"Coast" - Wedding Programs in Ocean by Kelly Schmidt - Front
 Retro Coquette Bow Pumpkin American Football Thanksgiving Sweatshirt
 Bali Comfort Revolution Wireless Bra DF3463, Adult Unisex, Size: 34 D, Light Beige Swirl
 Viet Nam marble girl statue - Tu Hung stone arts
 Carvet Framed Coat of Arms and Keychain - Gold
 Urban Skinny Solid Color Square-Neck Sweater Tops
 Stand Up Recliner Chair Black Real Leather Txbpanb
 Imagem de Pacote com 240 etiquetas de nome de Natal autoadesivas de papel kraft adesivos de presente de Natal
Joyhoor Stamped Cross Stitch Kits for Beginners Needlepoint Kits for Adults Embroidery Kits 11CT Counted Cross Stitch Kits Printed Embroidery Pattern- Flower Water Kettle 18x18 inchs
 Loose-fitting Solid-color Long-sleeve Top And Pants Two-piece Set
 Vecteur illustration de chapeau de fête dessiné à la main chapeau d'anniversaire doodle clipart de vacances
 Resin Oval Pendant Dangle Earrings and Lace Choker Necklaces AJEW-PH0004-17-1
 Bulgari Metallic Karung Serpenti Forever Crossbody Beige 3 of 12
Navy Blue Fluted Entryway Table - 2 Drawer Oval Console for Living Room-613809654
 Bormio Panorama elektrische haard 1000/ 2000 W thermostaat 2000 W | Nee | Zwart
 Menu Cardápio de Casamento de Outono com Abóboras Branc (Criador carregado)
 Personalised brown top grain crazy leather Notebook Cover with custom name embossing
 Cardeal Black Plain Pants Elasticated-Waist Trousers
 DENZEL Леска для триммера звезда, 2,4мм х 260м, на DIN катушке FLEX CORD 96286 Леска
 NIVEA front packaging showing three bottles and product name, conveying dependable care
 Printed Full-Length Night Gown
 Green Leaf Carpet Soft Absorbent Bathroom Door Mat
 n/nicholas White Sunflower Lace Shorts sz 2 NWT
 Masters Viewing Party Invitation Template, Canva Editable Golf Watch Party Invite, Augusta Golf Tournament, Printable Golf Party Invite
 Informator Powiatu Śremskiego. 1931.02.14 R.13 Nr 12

#####

_Task prompt_:
Your answer should be one number: how many lines in the material above contain the string "Lace".

_Solution to the problem_:
2